The good thing about this sample code is that you will not get std::bad_cast when comparing non related instances (like B with C). Still, the compiler will allow you to do it which might be desired, you could implement in the same manner operator< and use it for sorting a vector of various A, B and C instances.
live
#include <iostream>
#include <string>
#include <typeinfo>
#include <vector>
#include <cassert>
class A {
int val1;
public:
A(int v) : val1(v) {}
protected:
friend bool operator==(const A&, const A&);
virtual bool isEqual(const A& obj) const { return obj.val1 == val1; }
};
bool operator==(const A& lhs, const A& rhs) {
return typeid(lhs) == typeid(rhs) // Allow compare only instances of the same dynamic type
&& lhs.isEqual(rhs); // If types are the same then do the comparision.
}
class B : public A {
int val2;
public:
B(int v) : A(v), val2(v) {}
B(int v, int v2) : A(v2), val2(v) {}
protected:
virtual bool isEqual(const A& obj) const override {
auto v = dynamic_cast<const B&>(obj); // will never throw as isEqual is called only when
// (typeid(lhs) == typeid(rhs)) is true.
return A::isEqual(v) && v.val2 == val2;
}
};
class C : public A {
int val3;
public:
C(int v) : A(v), val3(v) {}
protected:
virtual bool isEqual(const A& obj) const override {
auto v = dynamic_cast<const C&>(obj);
return A::isEqual(v) && v.val3 == val3;
}
};
int main()
{
// Some examples for equality testing
A* p1 = new B(10);
A* p2 = new B(10);
assert(*p1 == *p2);
A* p3 = new B(10, 11);
assert(!(*p1 == *p3));
A* p4 = new B(11);
assert(!(*p1 == *p4));
A* p5 = new C(11);
assert(!(*p4 == *p5));
}
I was having the same problem the other day and I came up with the following solution:
struct A
{
int foo;
A(int prop) : foo(prop) {}
virtual ~A() {}
virtual bool operator==(const A& other) const
{
if (typeid(*this) != typeid(other))
return false;
return foo == other.foo;
}
};
struct B : A
{
int bar;
B(int prop) : A(1), bar(prop) {}
bool operator==(const A& other) const
{
if (!A::operator==(other))
return false;
return bar == static_cast<const B&>(other).bar;
}
};
struct C : A
{
int baz;
C(int prop) : A(1), baz(prop) {}
bool operator==(const A& other) const
{
if (!A::operator==(other))
return false;
return baz == static_cast<const C&>(other).baz;
}
};
The thing I don't like about this is the typeid check. What do you think about it?

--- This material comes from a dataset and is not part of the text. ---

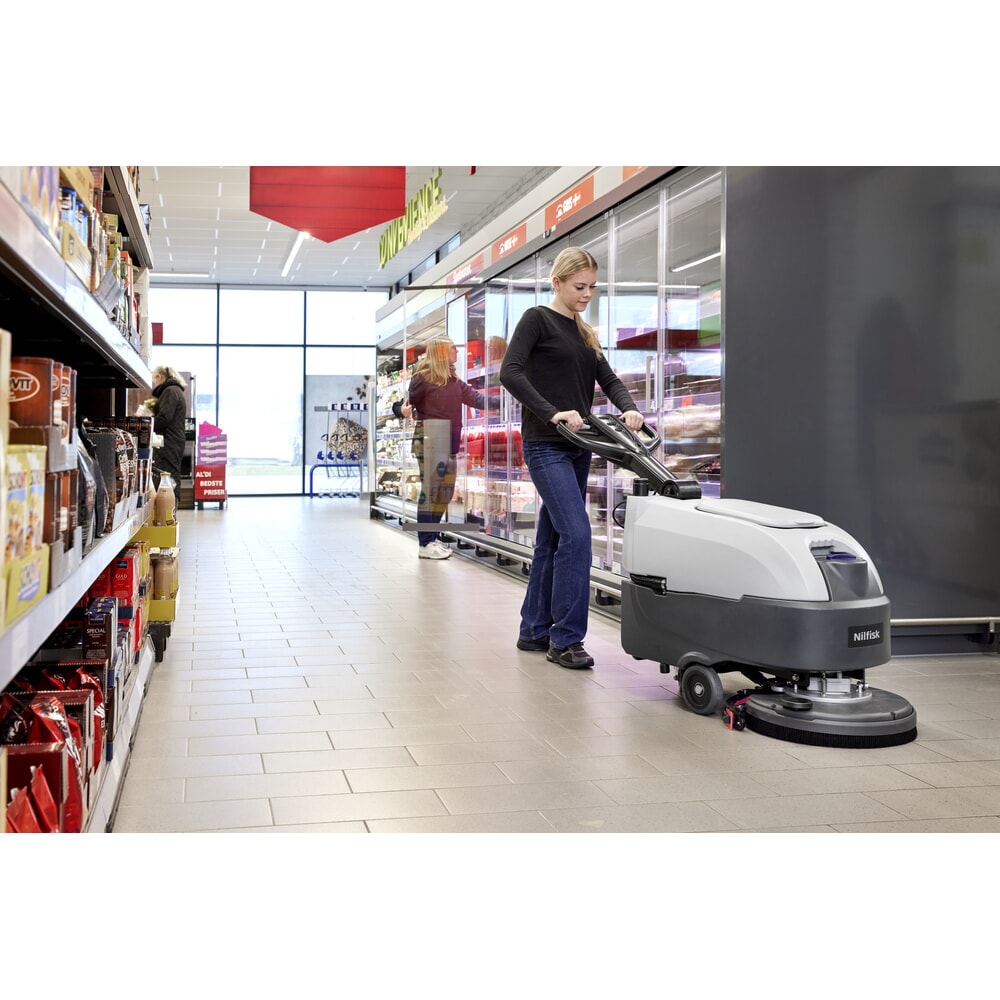 Produktabbildung Nr. 4: Nilfisk® Handgeführte Scheuersaugmaschine SCRUBBER SC370 43B-EU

If you make the reasonable assumption that the types of both objects must be identical for them to be equal, there's a way to reduce the amount of boiler-plate required in each derived class. This follows Herb Sutter's recommendation to keep virtual methods protected and hidden behind a public interface. The curiously recurring template pattern (CRTP) is used to implement the boilerplate code in the equals method so the derived classes don't need to.
class A
{
public:
bool operator==(const A& a) const
{
return equals(a);
}
protected:
virtual bool equals(const A& a) const = 0;
};
template<class T>
class A_ : public A
{
protected:
virtual bool equals(const A& a) const
{
const T* other = dynamic_cast<const T*>(&a);
return other != nullptr && static_cast<const T&>(*this) == *other;
}
private:
bool operator==(const A_& a) const // force derived classes to implement their own operator==
{
return false;
}
};
class B : public A_<B>
{
public:
B(int i) : id(i) {}
bool operator==(const B& other) const
{
return id == other.id;
}
private:
int id;
};
class C : public A_<C>
{
public:
C(int i) : identity(i) {}
bool operator==(const C& other) const
{
return identity == other.identity;
}
private:
int identity;
};
See a demo at http://ideone.com/SymduV
I think this looks weird:
void foo(const MyClass& lhs, const MyClass& rhs) {
if (lhs == rhs) {
MyClass tmp = rhs;
// is tmp == rhs true?
}
}
If implementing operator== seems like a legit question, consider type erasure (consider type erasure anyways, it's a lovely technique). Here is Sean Parent describing it.
Then you still have to do some multiple-dispatching. It's an unpleasant problem. Here is a talk about it.
Consider using variants instead of hierarchy. They can do this type of things easyly.